Rz. 32

Bei Fotovoltaikanlagen mit einer installierten Bruttoleistung von mehr als 30 kW (peak) kann der Nullsteuersatz nur angewendet werden, wenn die Anlage entweder auf oder aber in der Nähe von begünstigten Wohnungen, Privatwohnungen (Rz. 27f.) oder Gebäuden (Rz. 29f.) installiert wird (§ 12 Abs. 3 Nr. 1 S. 1 UStG). "Auf" begünstigten Gebäuden werden sowohl sog. Auf-Dach-Anlagen (Solarmodule werden mittels einer Unterkonstruktion auf dem Dach befestigt) als auch dachintegrierte Anlagen (Solarmodule dienen gleichzeitig als Dachabdeckung) installiert. Bei beiden Fallvarianten bestehen für den Lieferer keine Schwierigkeiten, die Belegenheitsvoraussetzung "auf" nachzuweisen.

 

Rz. 33

Die Belegenheitsvoraussetzung "in der Nähe von" hat der deutsche Gesetzgeber wörtlich aus dem Unionsrecht (Anhang III Nr. 10 Buchst. c MwStSystRL i. d. F. der EU-Richtlinie v. 5.4.2022) übernommen (Rz. 8). Allerdings wird der Begriff "in der Nähe von" weder im Unionsrecht noch im deutschen USt-Recht definiert. In der Literatur ist gefragt worden, was wohl unter diesem Begriff zu verstehen sei.[1] Nach der Verwaltungsauffassung befindet sich eine Fotovoltaikanlage insbesondere dann in der Nähe der genannten Wohnungen/Gebäude, wenn sie auf dem Grundstück installiert ist, auf dem sich auch die betreffende Wohnung bzw. das betreffende Gebäude befindet (z. B. Garage, Gartenschuppen, Zaun). Von einer Nähe sei daher auch auszugehen, wenn zwischen dem Grundstück und der Fotovoltaikanlage ein räumlicher und funktionaler Nutzungszusammenhang bestehe (z. B. einheitlicher Gebäudekomplex oder einheitliches Areal). Die Vereinfachungsregelung des § 12 Abs. 3 Nr. 1 S. 2 UStG (Rz. 17ff.) bleibe davon unberührt.[2]

 

Rz. 34

Die Verwaltung hat sich nicht dazu geäußert, ob es ein Vorrangverhältnis zwischen "auf" und "in der Nähe von" gibt. Diese Frage stellt sich z. B. bei einem landwirtschaftlich genutzten Grundstück mit einem Wohnhaus und einem Stallgebäude.
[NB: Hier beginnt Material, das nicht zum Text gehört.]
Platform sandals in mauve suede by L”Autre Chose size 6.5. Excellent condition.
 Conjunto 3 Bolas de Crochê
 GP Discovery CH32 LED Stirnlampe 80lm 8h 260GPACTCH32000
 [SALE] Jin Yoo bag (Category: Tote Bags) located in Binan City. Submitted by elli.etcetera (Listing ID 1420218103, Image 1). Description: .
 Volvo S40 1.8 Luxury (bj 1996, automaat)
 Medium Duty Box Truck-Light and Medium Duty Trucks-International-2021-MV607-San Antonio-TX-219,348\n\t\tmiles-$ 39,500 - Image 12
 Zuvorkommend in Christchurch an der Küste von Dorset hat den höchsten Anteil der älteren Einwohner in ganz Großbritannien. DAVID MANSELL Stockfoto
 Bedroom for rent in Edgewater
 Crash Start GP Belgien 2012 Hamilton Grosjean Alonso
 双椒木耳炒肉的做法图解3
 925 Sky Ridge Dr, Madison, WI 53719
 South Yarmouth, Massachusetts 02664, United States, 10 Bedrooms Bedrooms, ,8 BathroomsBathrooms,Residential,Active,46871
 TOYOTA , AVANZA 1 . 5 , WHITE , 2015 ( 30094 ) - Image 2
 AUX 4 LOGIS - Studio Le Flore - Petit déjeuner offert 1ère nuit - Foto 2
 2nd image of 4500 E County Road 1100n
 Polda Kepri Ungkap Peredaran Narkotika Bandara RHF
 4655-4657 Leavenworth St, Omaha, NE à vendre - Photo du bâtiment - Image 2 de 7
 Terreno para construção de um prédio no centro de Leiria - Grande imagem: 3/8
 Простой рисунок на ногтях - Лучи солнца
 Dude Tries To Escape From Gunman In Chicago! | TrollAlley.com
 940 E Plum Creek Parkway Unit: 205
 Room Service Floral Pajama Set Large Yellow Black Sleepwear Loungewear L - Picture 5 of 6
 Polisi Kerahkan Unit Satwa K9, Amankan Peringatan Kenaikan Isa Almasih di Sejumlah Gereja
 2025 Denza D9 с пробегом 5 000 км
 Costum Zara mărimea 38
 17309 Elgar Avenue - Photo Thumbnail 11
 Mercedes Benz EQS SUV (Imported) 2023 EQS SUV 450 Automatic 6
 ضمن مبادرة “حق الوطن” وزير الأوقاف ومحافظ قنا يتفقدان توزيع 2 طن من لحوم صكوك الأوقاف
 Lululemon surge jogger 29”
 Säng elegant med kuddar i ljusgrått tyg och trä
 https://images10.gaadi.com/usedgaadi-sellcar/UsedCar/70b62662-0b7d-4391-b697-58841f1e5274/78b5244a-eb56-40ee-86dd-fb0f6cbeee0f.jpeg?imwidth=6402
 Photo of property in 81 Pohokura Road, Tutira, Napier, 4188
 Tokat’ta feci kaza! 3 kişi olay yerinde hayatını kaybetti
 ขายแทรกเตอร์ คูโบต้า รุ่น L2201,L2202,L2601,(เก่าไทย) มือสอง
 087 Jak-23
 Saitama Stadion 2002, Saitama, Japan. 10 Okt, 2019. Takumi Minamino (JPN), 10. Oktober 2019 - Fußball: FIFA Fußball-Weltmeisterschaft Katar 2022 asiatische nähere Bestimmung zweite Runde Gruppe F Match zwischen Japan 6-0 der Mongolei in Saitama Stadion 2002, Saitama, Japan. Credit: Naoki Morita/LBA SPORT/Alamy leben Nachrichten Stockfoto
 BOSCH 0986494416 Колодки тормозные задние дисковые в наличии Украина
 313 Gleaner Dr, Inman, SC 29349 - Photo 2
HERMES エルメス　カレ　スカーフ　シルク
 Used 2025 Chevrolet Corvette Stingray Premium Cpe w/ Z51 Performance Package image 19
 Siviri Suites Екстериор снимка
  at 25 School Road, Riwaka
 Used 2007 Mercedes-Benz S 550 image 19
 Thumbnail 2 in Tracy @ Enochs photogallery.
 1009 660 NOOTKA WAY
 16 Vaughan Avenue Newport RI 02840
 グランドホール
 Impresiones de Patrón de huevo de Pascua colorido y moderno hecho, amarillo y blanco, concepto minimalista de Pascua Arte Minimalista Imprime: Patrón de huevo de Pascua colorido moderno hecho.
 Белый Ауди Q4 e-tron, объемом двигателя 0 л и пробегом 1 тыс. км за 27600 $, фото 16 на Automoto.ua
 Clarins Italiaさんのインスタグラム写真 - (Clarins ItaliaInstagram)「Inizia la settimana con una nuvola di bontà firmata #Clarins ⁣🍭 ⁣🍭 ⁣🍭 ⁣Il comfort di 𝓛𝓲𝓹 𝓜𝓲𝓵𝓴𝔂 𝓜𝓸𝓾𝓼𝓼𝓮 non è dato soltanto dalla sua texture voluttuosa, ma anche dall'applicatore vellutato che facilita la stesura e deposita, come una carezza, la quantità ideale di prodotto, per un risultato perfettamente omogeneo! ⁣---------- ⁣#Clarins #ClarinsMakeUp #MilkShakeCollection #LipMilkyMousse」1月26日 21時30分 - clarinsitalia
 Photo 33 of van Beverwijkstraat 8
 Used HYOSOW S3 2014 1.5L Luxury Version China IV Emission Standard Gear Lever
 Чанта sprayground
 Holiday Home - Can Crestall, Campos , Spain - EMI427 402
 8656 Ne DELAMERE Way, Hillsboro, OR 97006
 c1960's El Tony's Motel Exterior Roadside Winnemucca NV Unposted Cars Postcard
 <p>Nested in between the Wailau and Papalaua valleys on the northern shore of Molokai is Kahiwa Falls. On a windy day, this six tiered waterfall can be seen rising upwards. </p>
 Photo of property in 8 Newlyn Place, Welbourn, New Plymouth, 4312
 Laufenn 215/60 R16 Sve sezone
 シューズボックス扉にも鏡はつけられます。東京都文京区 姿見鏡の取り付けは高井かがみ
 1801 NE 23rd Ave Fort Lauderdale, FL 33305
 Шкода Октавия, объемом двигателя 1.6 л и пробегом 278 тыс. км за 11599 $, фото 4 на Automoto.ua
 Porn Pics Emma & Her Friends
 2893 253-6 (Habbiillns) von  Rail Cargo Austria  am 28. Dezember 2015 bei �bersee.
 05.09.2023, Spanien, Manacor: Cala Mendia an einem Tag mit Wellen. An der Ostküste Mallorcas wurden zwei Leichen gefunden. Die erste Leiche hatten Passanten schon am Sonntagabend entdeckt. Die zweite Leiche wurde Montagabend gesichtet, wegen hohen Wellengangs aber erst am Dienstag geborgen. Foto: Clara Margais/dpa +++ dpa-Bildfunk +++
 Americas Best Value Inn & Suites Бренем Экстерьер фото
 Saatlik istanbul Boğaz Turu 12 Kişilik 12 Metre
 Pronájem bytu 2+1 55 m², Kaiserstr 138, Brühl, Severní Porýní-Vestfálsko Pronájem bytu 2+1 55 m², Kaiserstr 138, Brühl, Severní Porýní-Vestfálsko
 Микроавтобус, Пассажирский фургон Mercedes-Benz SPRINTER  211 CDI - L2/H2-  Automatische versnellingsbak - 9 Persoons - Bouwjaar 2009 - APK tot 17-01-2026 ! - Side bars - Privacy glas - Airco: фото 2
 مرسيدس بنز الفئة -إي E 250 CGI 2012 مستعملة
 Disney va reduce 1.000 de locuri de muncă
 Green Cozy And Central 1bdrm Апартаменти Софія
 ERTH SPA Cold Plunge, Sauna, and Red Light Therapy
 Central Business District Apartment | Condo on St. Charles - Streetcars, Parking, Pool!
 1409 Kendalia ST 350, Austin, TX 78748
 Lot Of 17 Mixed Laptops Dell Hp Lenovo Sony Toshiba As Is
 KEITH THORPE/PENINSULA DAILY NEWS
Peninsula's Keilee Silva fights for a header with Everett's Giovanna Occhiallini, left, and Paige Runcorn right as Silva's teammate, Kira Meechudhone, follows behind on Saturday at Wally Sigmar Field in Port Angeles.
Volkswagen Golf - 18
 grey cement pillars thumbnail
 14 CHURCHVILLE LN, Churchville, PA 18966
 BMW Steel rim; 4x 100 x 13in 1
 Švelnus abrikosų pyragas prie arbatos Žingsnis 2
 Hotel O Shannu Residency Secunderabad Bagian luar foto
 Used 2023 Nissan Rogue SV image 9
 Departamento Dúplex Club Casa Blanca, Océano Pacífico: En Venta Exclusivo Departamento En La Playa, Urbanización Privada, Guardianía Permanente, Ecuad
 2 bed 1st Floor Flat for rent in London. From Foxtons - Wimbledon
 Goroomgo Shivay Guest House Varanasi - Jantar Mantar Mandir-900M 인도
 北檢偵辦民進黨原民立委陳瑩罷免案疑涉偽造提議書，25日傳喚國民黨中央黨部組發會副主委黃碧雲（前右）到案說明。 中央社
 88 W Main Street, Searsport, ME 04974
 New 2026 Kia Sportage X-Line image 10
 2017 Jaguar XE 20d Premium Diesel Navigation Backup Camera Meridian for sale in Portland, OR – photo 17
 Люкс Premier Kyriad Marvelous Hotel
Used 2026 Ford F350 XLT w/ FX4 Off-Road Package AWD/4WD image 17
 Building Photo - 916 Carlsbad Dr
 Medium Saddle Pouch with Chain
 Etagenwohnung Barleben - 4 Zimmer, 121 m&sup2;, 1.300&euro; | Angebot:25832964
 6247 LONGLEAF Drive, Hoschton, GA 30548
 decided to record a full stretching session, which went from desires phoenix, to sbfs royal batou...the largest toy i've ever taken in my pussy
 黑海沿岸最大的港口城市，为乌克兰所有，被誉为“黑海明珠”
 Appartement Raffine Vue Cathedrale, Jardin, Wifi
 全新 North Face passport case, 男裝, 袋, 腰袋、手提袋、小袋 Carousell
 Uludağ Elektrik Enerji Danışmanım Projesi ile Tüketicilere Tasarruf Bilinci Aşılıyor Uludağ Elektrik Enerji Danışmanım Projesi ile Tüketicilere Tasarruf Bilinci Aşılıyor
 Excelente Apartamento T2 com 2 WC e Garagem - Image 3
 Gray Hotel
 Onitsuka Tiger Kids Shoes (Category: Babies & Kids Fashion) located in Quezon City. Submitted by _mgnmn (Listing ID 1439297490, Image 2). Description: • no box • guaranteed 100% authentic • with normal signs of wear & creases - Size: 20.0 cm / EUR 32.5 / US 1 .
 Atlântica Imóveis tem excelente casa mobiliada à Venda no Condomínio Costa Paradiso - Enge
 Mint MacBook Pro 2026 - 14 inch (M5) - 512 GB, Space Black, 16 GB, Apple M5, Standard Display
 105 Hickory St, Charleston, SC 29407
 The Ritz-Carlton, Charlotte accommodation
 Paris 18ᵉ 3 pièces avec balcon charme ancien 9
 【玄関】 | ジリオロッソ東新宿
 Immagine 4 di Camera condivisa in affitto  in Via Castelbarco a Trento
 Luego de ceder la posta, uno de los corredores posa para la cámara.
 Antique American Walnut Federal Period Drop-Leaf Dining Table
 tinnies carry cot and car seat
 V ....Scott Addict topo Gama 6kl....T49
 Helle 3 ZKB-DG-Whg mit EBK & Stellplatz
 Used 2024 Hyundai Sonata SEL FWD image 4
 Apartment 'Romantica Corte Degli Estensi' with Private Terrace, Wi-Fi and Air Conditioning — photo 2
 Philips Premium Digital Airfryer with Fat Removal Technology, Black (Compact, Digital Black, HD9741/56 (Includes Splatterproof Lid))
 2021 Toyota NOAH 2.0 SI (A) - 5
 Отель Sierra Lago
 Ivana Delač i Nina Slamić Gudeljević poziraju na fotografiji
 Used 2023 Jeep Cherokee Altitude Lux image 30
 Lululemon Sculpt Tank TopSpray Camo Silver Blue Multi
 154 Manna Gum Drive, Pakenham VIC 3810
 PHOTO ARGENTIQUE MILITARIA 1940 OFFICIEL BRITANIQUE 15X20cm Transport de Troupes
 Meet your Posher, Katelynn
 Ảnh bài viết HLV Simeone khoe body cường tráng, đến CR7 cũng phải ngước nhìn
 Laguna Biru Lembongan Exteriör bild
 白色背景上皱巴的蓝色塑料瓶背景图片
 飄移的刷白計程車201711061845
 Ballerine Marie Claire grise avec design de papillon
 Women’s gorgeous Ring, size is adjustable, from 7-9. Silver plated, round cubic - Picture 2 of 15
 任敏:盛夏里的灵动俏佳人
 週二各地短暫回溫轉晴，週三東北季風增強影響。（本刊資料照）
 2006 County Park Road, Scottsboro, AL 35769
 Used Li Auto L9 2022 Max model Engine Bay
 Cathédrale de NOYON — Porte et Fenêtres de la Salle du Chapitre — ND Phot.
Wird "auf" dem – nicht begünstigten – Stallgebäude eine Fotovoltaikanlage mit einer Bruttoleistung von mehr als 30 kW (peak) installiert, wäre der Nullsteuersatz eigentlich nicht anwendbar. Allerdings wird die Anlage "in der Nähe von" einem begünstigten Wohnhaus errichtet. In einem solchen Fall sollte m. E. der Nullsteuersatz anwendbar sein, da sich die Fotovoltaikanlage auf demselben Areal wie das Wohnhaus befindet und damit "in der Nähe von" einem Wohnhaus.[3]

[1] Vgl. z. B. Prätzler, StuB 2023, 119.
[3] So auch Fietz/Mayer, NWB 10/2023, 706, 718.